▶ [Aim of the exercise] Exactly the lines from the one containing "thumbnail image 3" through the end of the records must be reproduced; leave out all pictures.

▶ [Stored records]
▼▼▼

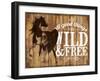 Wild & Free-The Saturday Evening Post-Framed Giclee Print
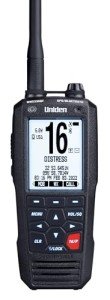 Uniden MHS338BT Floating, Handheld Marine VHF Radio, 6-Watts, GPS and Bluetooth, Submersible IPX8, Emergency Strobe & Flashlight, NOAA Weather Alerts, FM Radio, Chargeing Cradle & Li-ion Battery.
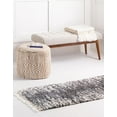 thumbnail image 3 of Rugs.com Serenity Shag Collection Rug – 6 Ft Runner Gray Shag Rug Perfect For Hallways, Entryways, 3 of 9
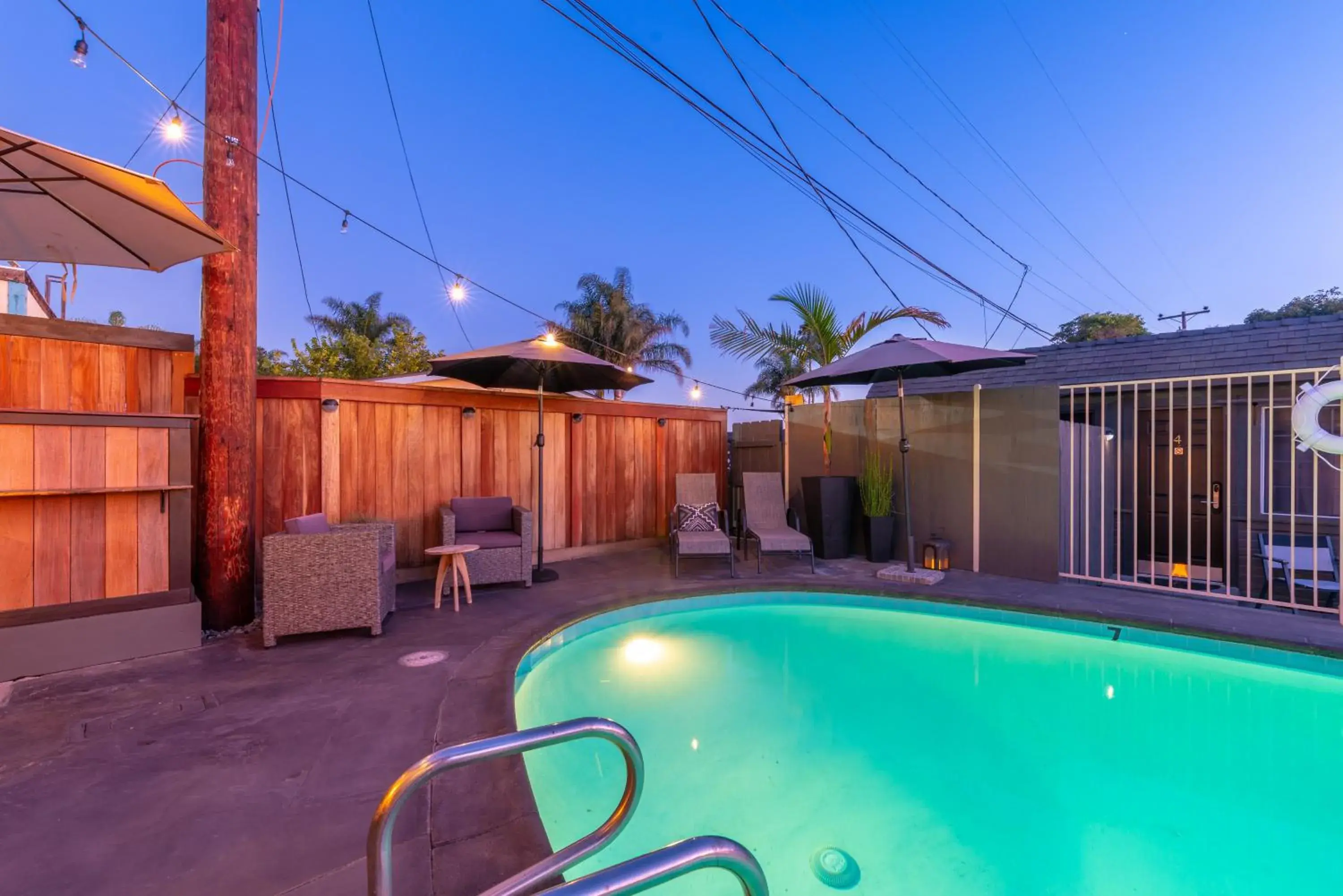 Swimming Pool in Shell Beach Inn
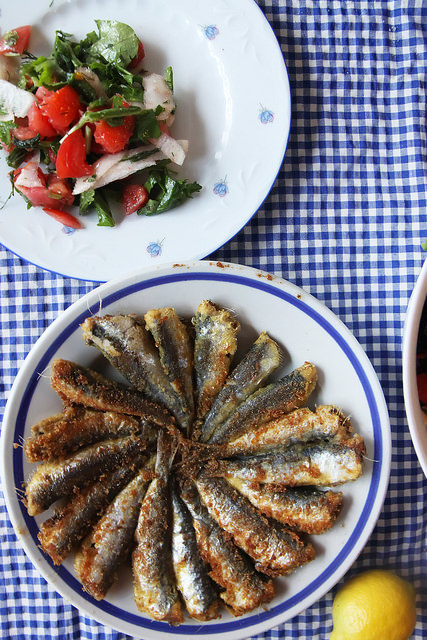 Fried Sardines by Olga Irez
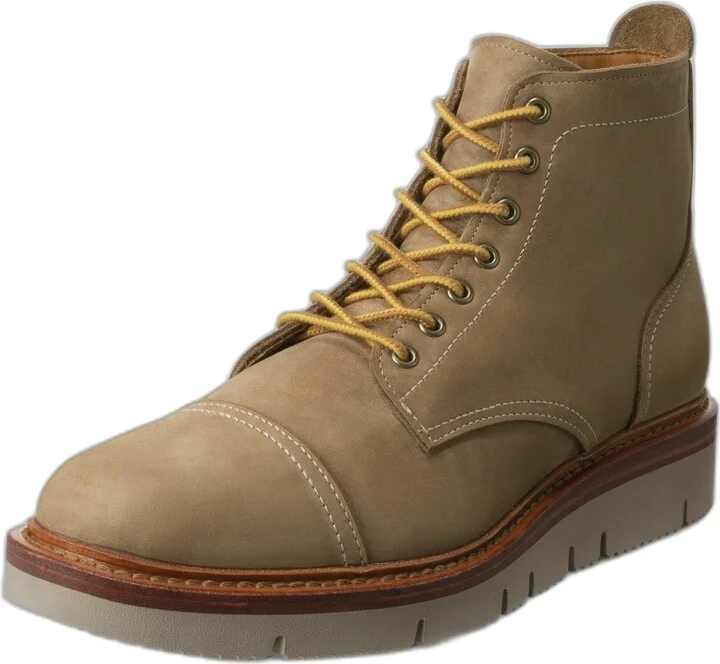 Allen Edmonds Mens Park City Lace Up Weatherproof Boot Tan Nubuck 11.5 D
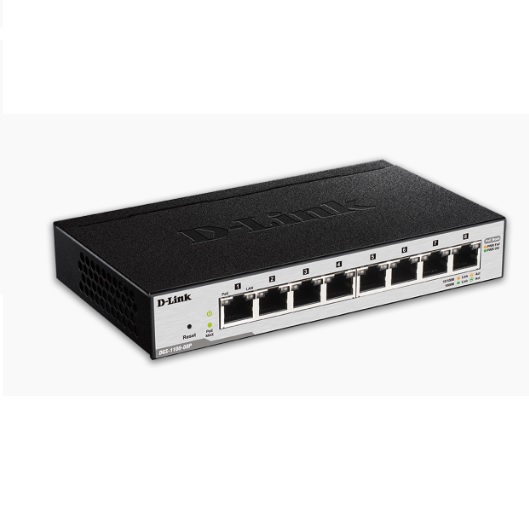 سوییچ شبکه ۸ پورت POE دیلینک DGS-1100-08P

▲▲▲

▶ [Solution]
 thumbnail image 3 of Rugs.com Serenity Shag Collection Rug – 6 Ft Runner Gray Shag Rug Perfect For Hallways, Entryways, 3 of 9
 Swimming Pool in Shell Beach Inn
 Fried Sardines by Olga Irez
 Allen Edmonds Mens Park City Lace Up Weatherproof Boot Tan Nubuck 11.5 D
 سوییچ شبکه ۸ پورت POE دیلینک DGS-1100-08P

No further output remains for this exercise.